Impacto da assimilação de dados de sondagens e radiâncias em evento de ciclogênese

Detalhes bibliográficos
Ano de defesa: 2021
Autor(a) principal: Leon, Leonardo Matias Alves de
Orientador(a): Härter, Fabricio Pereira
Banca de defesa: Não Informado pela instituição
Tipo de documento: Dissertação
Tipo de acesso: Acesso aberto
Idioma: por
Instituição de defesa: Universidade Federal de Pelotas
Programa de Pós-Graduação: Programa de Pós-Graduação em Modelagem Matemática
Departamento: Não Informado pela instituição
País: Brasil
Palavras-chave em Português:
WRF
Área do conhecimento CNPq:
Link de acesso: http://guaiaca.ufpel.edu.br/xmlui/handle/prefix/14262
Resumo: Neste trabalho, avalia-se o impacto da assimilação dos dados de sondagem e satélite em dois casos de Ciclogênese, ocorridos no sul do Brasil, no período de 20 a 23 de agosto de 2020 e de 27 a 29 de junho de 2021. Na metodologia proposta, utiliza-se o pacote de assimilação variacional tridimensional implementado no Weather Research and Forecasting Model (WRF3DVar).

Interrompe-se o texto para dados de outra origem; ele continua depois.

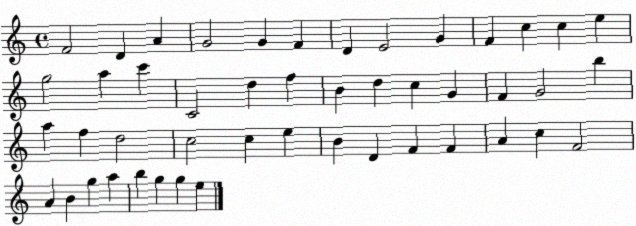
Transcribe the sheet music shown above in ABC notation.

X:1
T:Untitled
M:4/4
L:1/4
K:C
F2 D A G2 G F D E2 G F c c e g2 a c' C2 d f B d c G F G2 b a f d2 c2 c e B D F F A c F2 A B g a b g g e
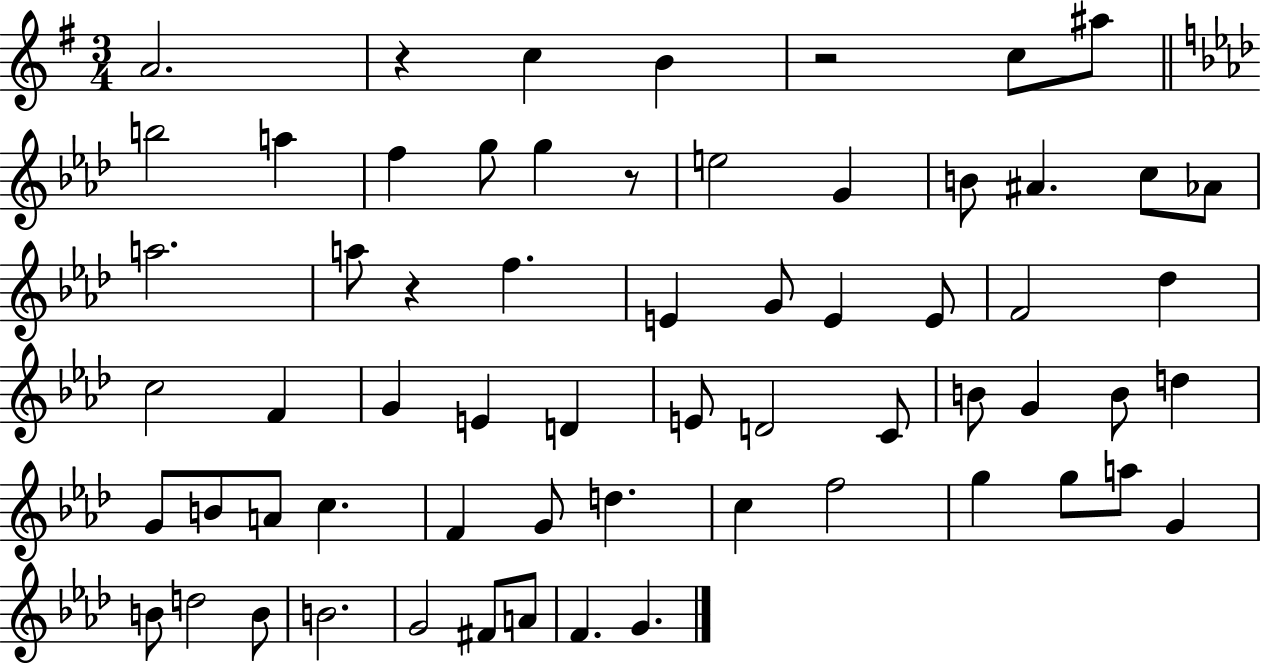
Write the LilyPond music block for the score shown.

{
  \clef treble
  \numericTimeSignature
  \time 3/4
  \key g \major
  \repeat volta 2 { a'2. | r4 c''4 b'4 | r2 c''8 ais''8 | \bar "||" \break \key f \minor b''2 a''4 | f''4 g''8 g''4 r8 | e''2 g'4 | b'8 ais'4. c''8 aes'8 | \break a''2. | a''8 r4 f''4. | e'4 g'8 e'4 e'8 | f'2 des''4 | \break c''2 f'4 | g'4 e'4 d'4 | e'8 d'2 c'8 | b'8 g'4 b'8 d''4 | \break g'8 b'8 a'8 c''4. | f'4 g'8 d''4. | c''4 f''2 | g''4 g''8 a''8 g'4 | \break b'8 d''2 b'8 | b'2. | g'2 fis'8 a'8 | f'4. g'4. | \break } \bar "|."
}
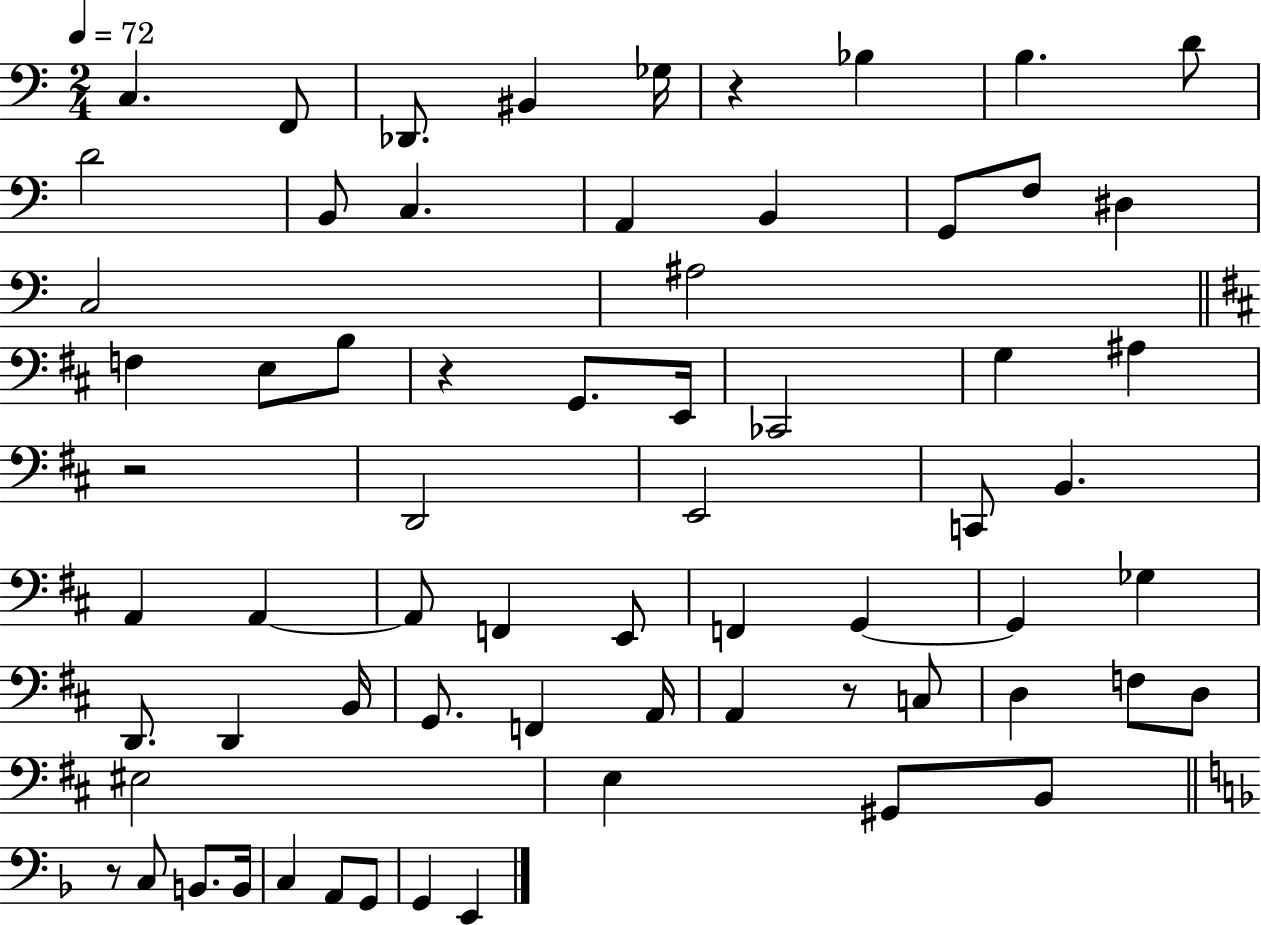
C3/q. F2/e Db2/e. BIS2/q Gb3/s R/q Bb3/q B3/q. D4/e D4/h B2/e C3/q. A2/q B2/q G2/e F3/e D#3/q C3/h A#3/h F3/q E3/e B3/e R/q G2/e. E2/s CES2/h G3/q A#3/q R/h D2/h E2/h C2/e B2/q. A2/q A2/q A2/e F2/q E2/e F2/q G2/q G2/q Gb3/q D2/e. D2/q B2/s G2/e. F2/q A2/s A2/q R/e C3/e D3/q F3/e D3/e EIS3/h E3/q G#2/e B2/e R/e C3/e B2/e. B2/s C3/q A2/e G2/e G2/q E2/q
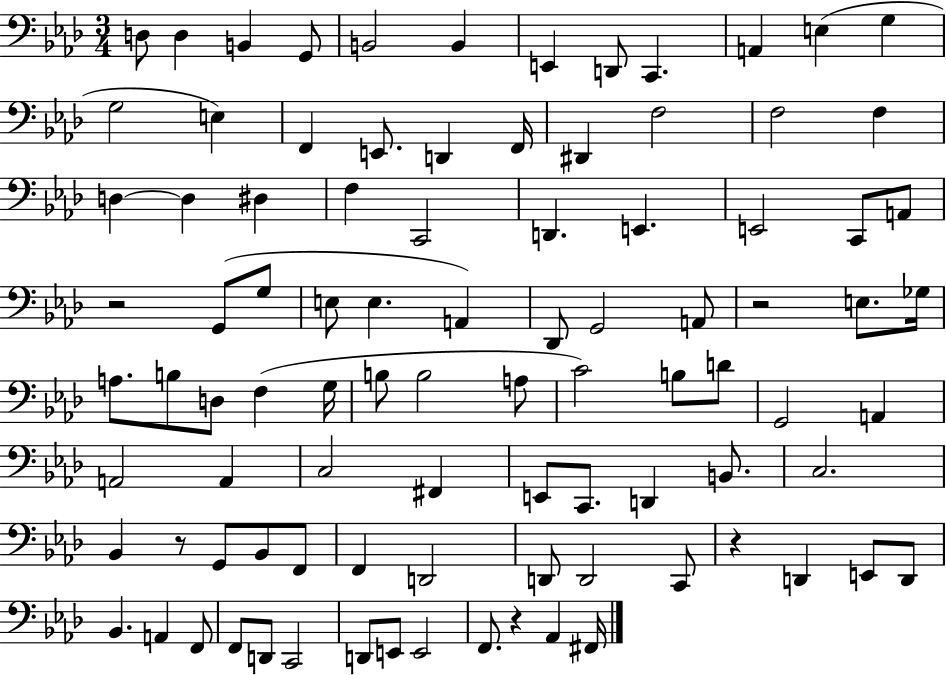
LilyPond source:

{
  \clef bass
  \numericTimeSignature
  \time 3/4
  \key aes \major
  d8 d4 b,4 g,8 | b,2 b,4 | e,4 d,8 c,4. | a,4 e4( g4 | \break g2 e4) | f,4 e,8. d,4 f,16 | dis,4 f2 | f2 f4 | \break d4~~ d4 dis4 | f4 c,2 | d,4. e,4. | e,2 c,8 a,8 | \break r2 g,8( g8 | e8 e4. a,4) | des,8 g,2 a,8 | r2 e8. ges16 | \break a8. b8 d8 f4( g16 | b8 b2 a8 | c'2) b8 d'8 | g,2 a,4 | \break a,2 a,4 | c2 fis,4 | e,8 c,8. d,4 b,8. | c2. | \break bes,4 r8 g,8 bes,8 f,8 | f,4 d,2 | d,8 d,2 c,8 | r4 d,4 e,8 d,8 | \break bes,4. a,4 f,8 | f,8 d,8 c,2 | d,8 e,8 e,2 | f,8. r4 aes,4 fis,16 | \break \bar "|."
}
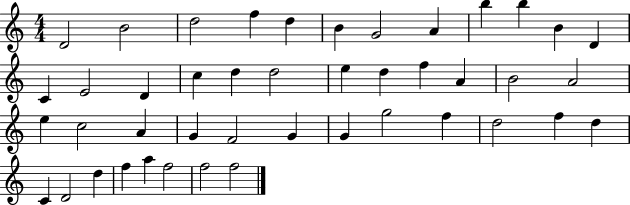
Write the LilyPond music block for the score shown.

{
  \clef treble
  \numericTimeSignature
  \time 4/4
  \key c \major
  d'2 b'2 | d''2 f''4 d''4 | b'4 g'2 a'4 | b''4 b''4 b'4 d'4 | \break c'4 e'2 d'4 | c''4 d''4 d''2 | e''4 d''4 f''4 a'4 | b'2 a'2 | \break e''4 c''2 a'4 | g'4 f'2 g'4 | g'4 g''2 f''4 | d''2 f''4 d''4 | \break c'4 d'2 d''4 | f''4 a''4 f''2 | f''2 f''2 | \bar "|."
}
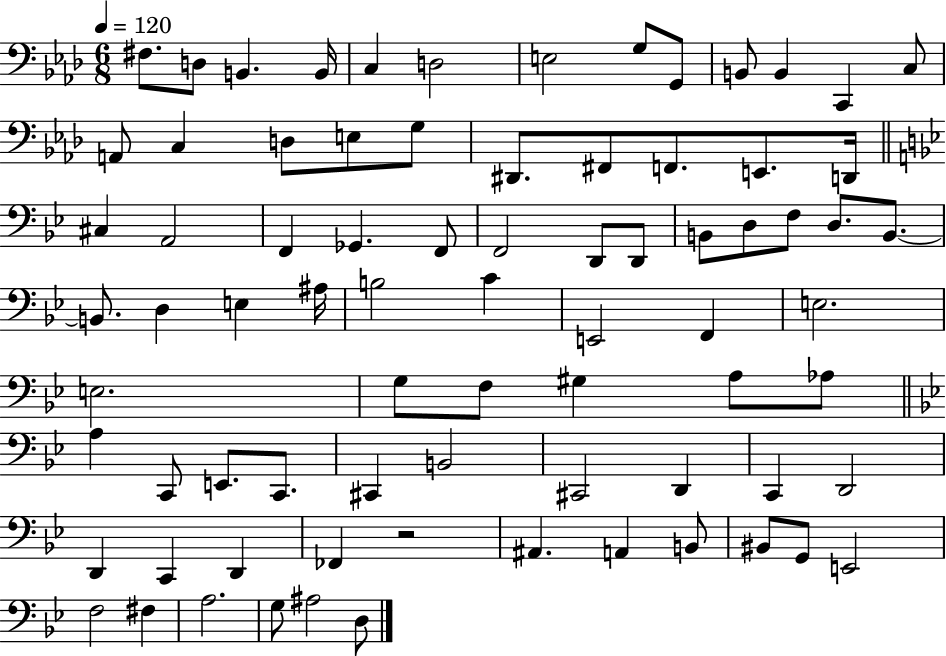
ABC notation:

X:1
T:Untitled
M:6/8
L:1/4
K:Ab
^F,/2 D,/2 B,, B,,/4 C, D,2 E,2 G,/2 G,,/2 B,,/2 B,, C,, C,/2 A,,/2 C, D,/2 E,/2 G,/2 ^D,,/2 ^F,,/2 F,,/2 E,,/2 D,,/4 ^C, A,,2 F,, _G,, F,,/2 F,,2 D,,/2 D,,/2 B,,/2 D,/2 F,/2 D,/2 B,,/2 B,,/2 D, E, ^A,/4 B,2 C E,,2 F,, E,2 E,2 G,/2 F,/2 ^G, A,/2 _A,/2 A, C,,/2 E,,/2 C,,/2 ^C,, B,,2 ^C,,2 D,, C,, D,,2 D,, C,, D,, _F,, z2 ^A,, A,, B,,/2 ^B,,/2 G,,/2 E,,2 F,2 ^F, A,2 G,/2 ^A,2 D,/2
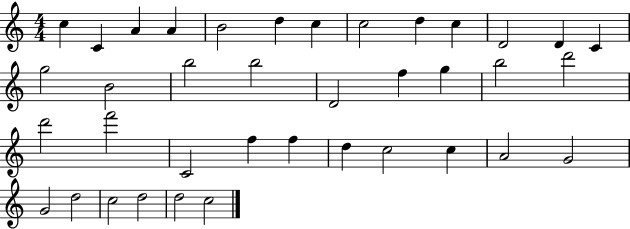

Verifica-se através de métricas estatísticas as previsões das variáveis termodinâmicas do modelo, usando como referência os dados coletados nas estações meteorológicas do INMET. As análises estatísticas realizadas são descritivas e adicionalmente apresentam a variabilidade em cada ponto em comparação com os dados observados utilizando o coeficiente de variação dos valores preditos. Os resultados são similares para os dois casos e mostram que o modelo reproduziu adequadamente os eventos de Ciclogênese quando comparados às análises do CPTEC, imagens de Satélite e dos campos gerados pelo modelo GFS. A Assimilação tem impacto maior nas primeiras 48 horas de previsão, nos níveis baixos e médios da atmosfera, sendo que nas últimas 24 horas a Assimilação praticamente não tem efeito. Entre as fontes de dados assimilados, as sondagens tendem a diminuir os erros de previsão com maior frequência, pois fornecem dados do perfil vertical da atmosfera; enquanto os dados de satélite tem melhor representação temporal e espacial, embora sejam fontes de erro nos baixos níveis da atmosfera. A análise estatística mostra que a estimativa do modelo WRF com Assimilação representa os ciclos diurnos, sendo que a estimativa é mais precisa para as variáveis Temperatura à 2 m da Superfície, Pressão à Superfície, com a tendência dos prognósticos em gerar uma propagação da onda fria menos intensa, e a entrada do sistema frontal mais atrasado e aprofundado.